Examine the quality of the regularized classifiers.

Plot the number of predictors against the error.

plot(err,numpred,'k.')
xlabel('Error rate')
ylabel('Number of predictors')

Figure contains an axes object. The axes object with xlabel Error rate, ylabel Number of predictors contains 25 objects of type line. One or more of the lines displays its values using only markers

Examine the lower-left part of the plot more closely.

axis([0 .1 0 1000])

Figure contains an axes object. The axes object with xlabel Error rate, ylabel Number of predictors contains 25 objects of type line. One or more of the lines displays its values using only markers

There is a clear tradeoff between lower number of predictors and lower error.
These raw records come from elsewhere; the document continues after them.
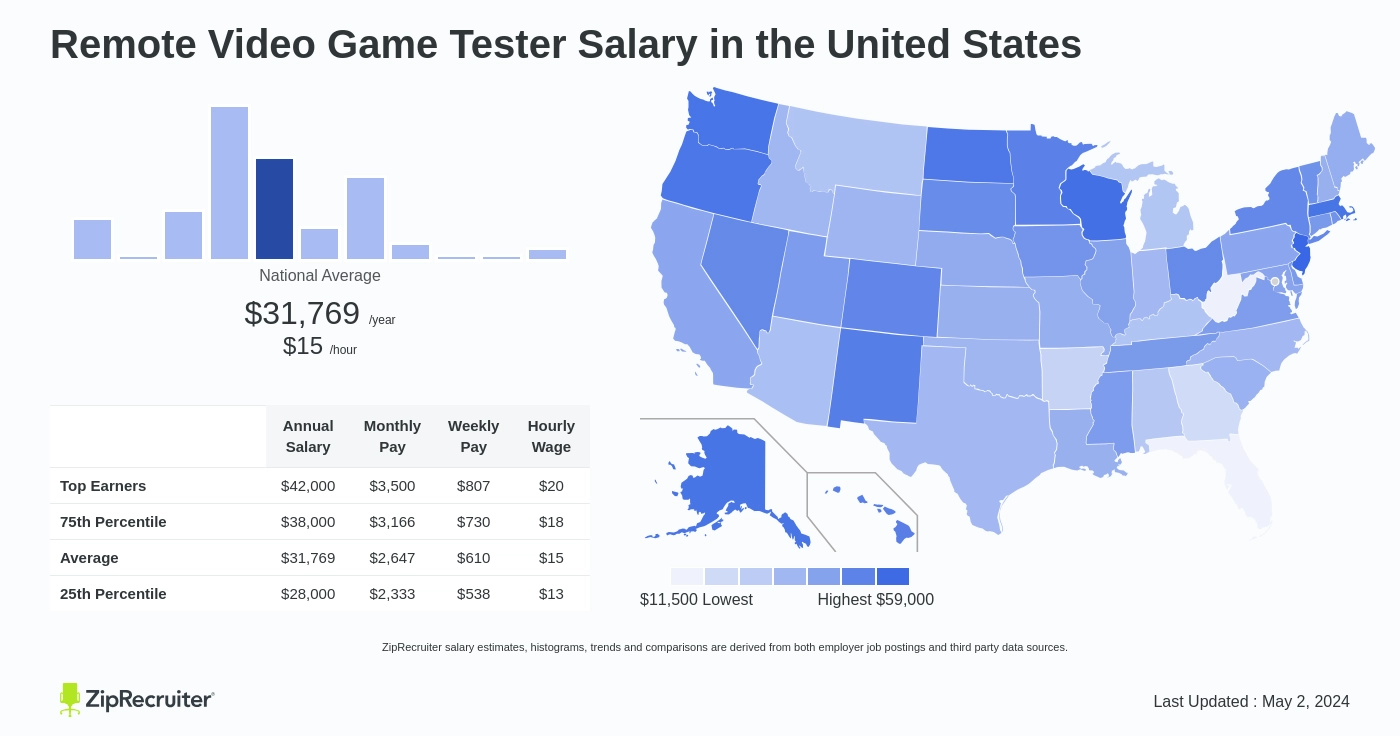 How much do video game testers make, and if we have worked more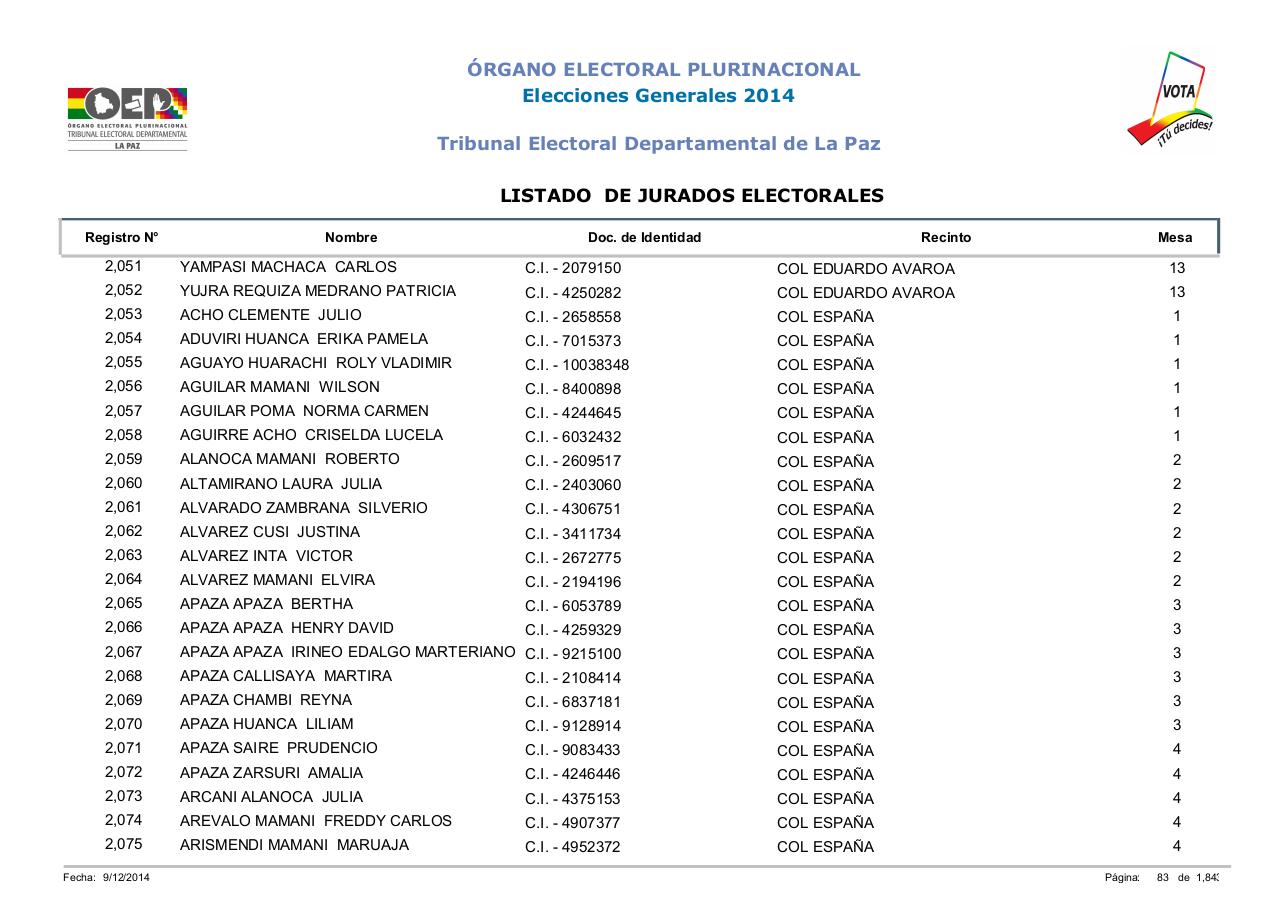 Vista previa del archivo PDF lista-jurados-electorales-lapaz-bolivia-2014.pdf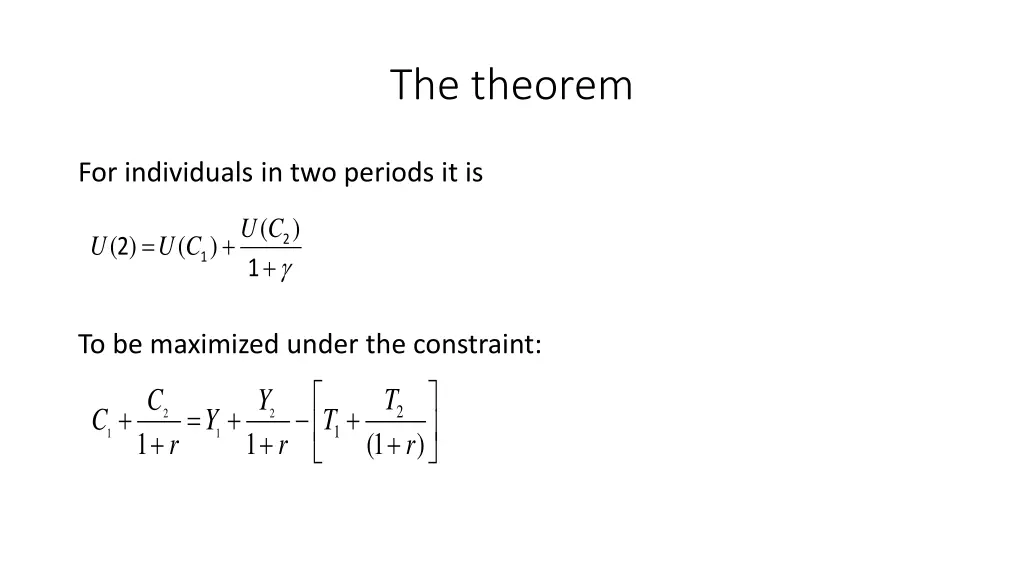 the theorem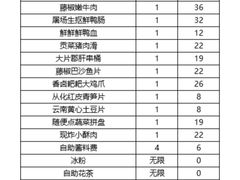 -为什么牛潮汕牛肉火锅(中信广场店)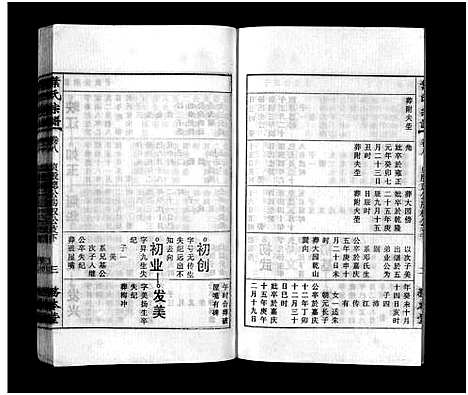 [下载][叶氏宗谱_43卷首1卷_末2卷_叶氏宗谱]安徽.叶氏家谱_九.pdf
Choose an optimal tradeoff between model size and accuracy.

Multiple pairs of Gamma and Delta values produce about the same minimal error. Display the indices of these pairs and their values.
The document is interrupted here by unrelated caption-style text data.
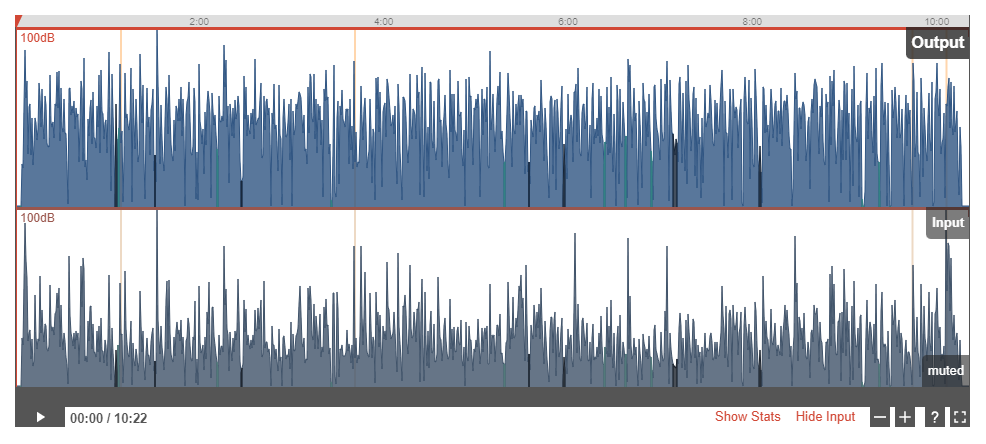 A visual of an Auphonic mastered before and after waveform. The input audio is clearly too low in volume and very inconsistent too. But the output audio is much more level in volume the whole way through.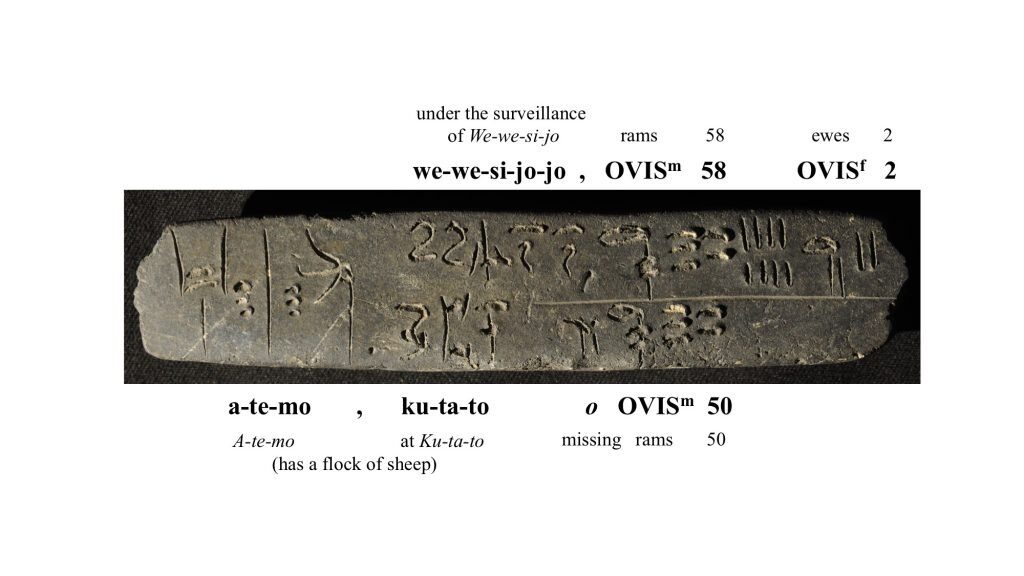 Linear A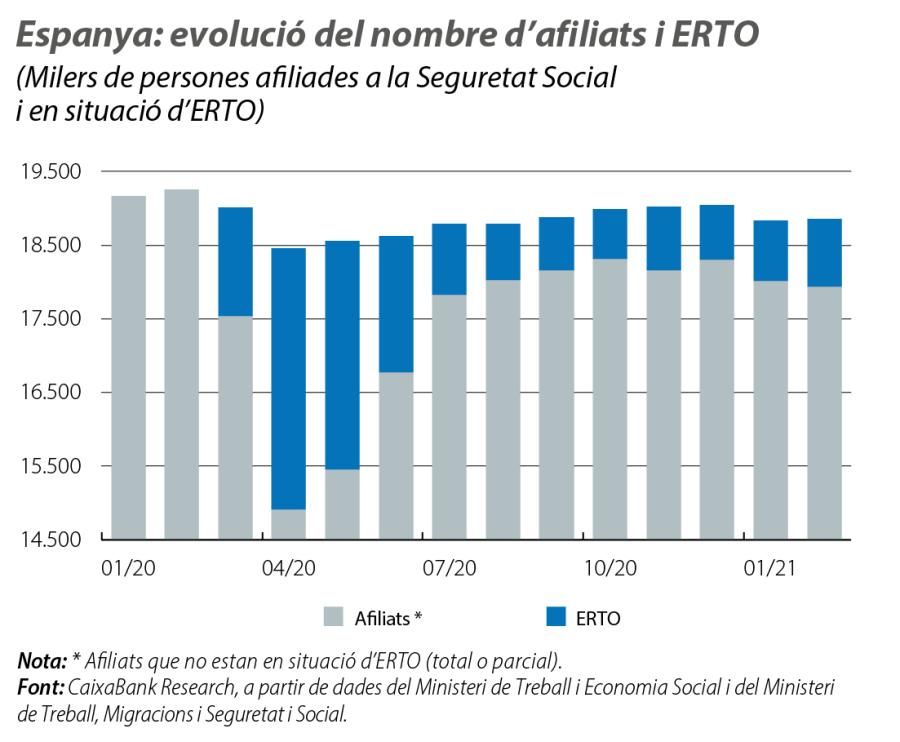Espanya: evolució del nombre d’afiliats i ERTO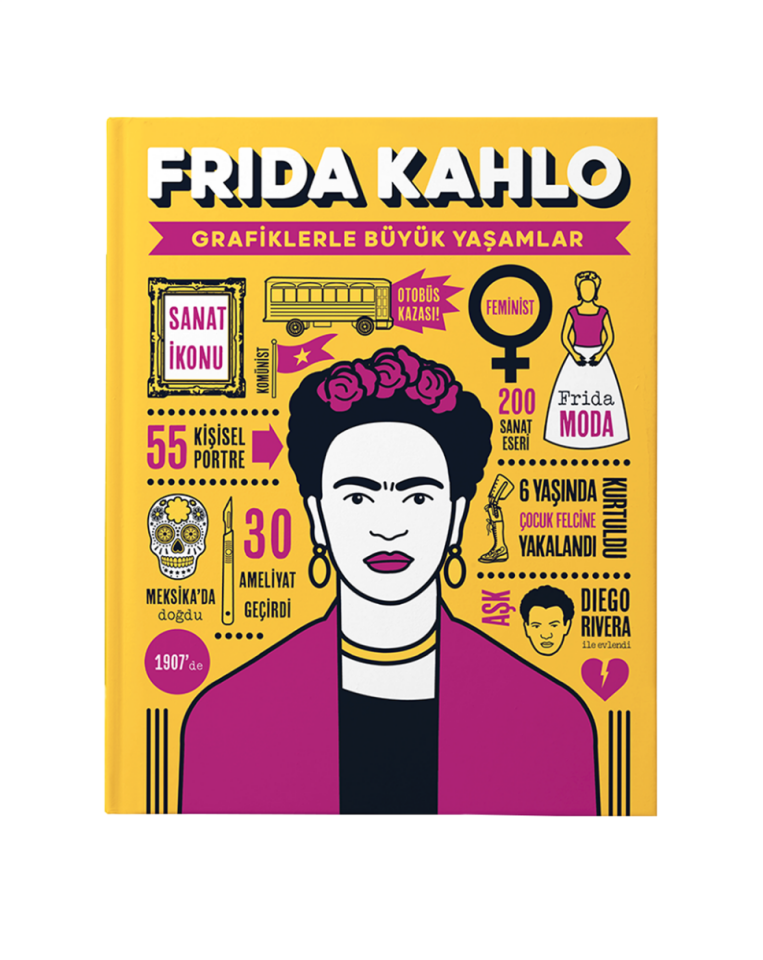 Frida Kahlo (Sert Kapak)
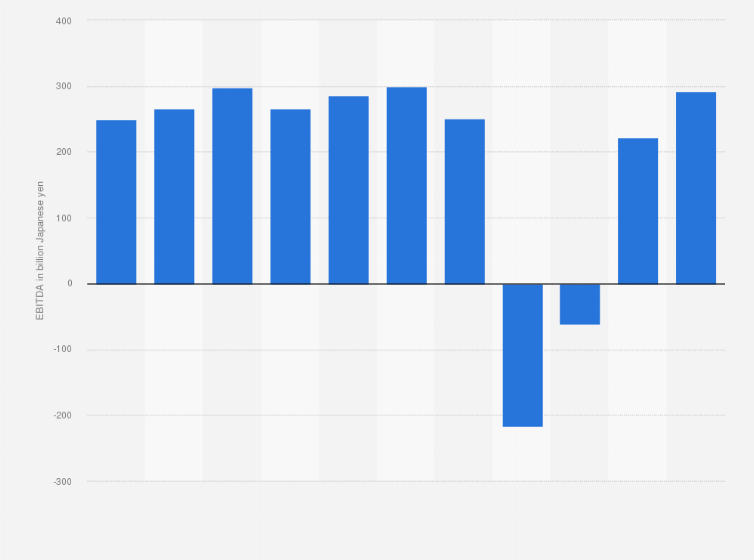 Statistic: EBITDA of Japan Airlines Co., Ltd. from fiscal year 2014 to 2023 (in billion Japanese yen)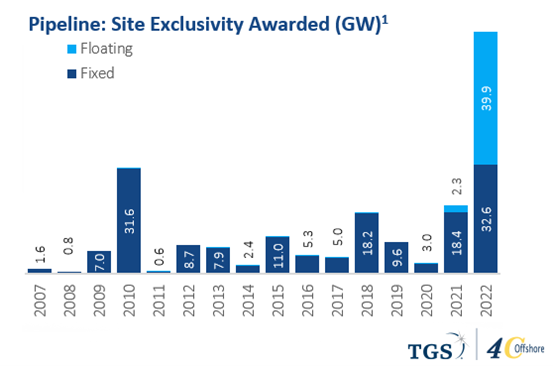 TGS-4C_Pipeline-site-exl-awarded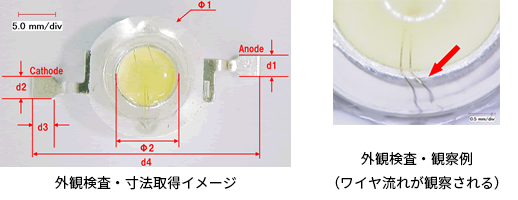 外観検査・寸法取得イメージ、外観検査・観察例（ワイヤ流れが観察される）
First, find the minimal error value.

minerr = min(min(err))
minerr = 0.0139

Find the subscripts of err producing minimal error.

[p,q] = find(err < minerr + 1e-4);

Convert from subscripts to linear indices.
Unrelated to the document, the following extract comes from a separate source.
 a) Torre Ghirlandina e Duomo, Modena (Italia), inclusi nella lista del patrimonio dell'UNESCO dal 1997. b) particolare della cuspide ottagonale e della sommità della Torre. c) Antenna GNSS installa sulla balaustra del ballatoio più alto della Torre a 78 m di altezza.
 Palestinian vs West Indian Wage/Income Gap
idx = sub2ind(size(delta),p,q);

Display the Gamma and Delta values.

[gamma(p) delta(idx)]
ans = 4×2

    0.7202    0.1145
    0.7602    0.1131
    0.8001    0.1128
    0.8001    0.1410

These points have as few as 29% of the total predictors with nonzero coefficients in the model.

numpred(idx)/ceil(numPred/3)*100
ans = 4×1

   39.8051
   38.9805
   36.8066
   28.7856

To further lower the number of predictors, you must accept larger error rates. For example, to choose the Gamma and Delta that give the lowest error rate with 200 or fewer predictors.

low200 = min(min(err(numpred <= 200)));
lownum = min(min(numpred(err == low200)));
[low200 lownum]
ans = 1×2

    0.0185  173.0000

You need 173 predictors to achieve an error rate of 0.0185, and this is the lowest error rate among those that have 200 predictors or fewer.

Display the Gamma and Delta that achieve this error/number of predictors.

[r,s] = find((err == low200) & (numpred == lownum));
[gamma(r); delta(r,s)]
ans = 2×1

    0.6403
    0.2399

Set the regularization parameters.

To set the classifier with these values of Gamma and Delta, use dot notation.

Mdl.Gamma = gamma(r);
Mdl.Delta = delta(r,s);

Heatmap plot

To compare the cvshrink calculation to that in Guo, Hastie, and Tibshirani [1], plot heatmaps of error and number of predictors against Gamma and the index of the Delta parameter. (The Delta parameter range depends on the value of the Gamma parameter. So to get a rectangular plot, use the Delta index, not the parameter itself.)

% Create the Delta index matrix
indx = repmat(1:size(delta,2),size(delta,1),1);

figure
subplot(1,2,1)
imagesc(err)
colorbar
colormap('jet')
title('Classification error')
xlabel('Delta index')
ylabel('Gamma index')

subplot(1,2,2)
imagesc(numpred)
colorbar
title('Number of predictors in the model')
xlabel('Delta index')
ylabel('Gamma index')

Figure contains 2 axes objects. Axes object 1 with title Classification error, xlabel Delta index, ylabel Gamma index contains an object of type image. Axes object 2 with title Number of predictors in the model, xlabel Delta index, ylabel Gamma index contains an object of type image.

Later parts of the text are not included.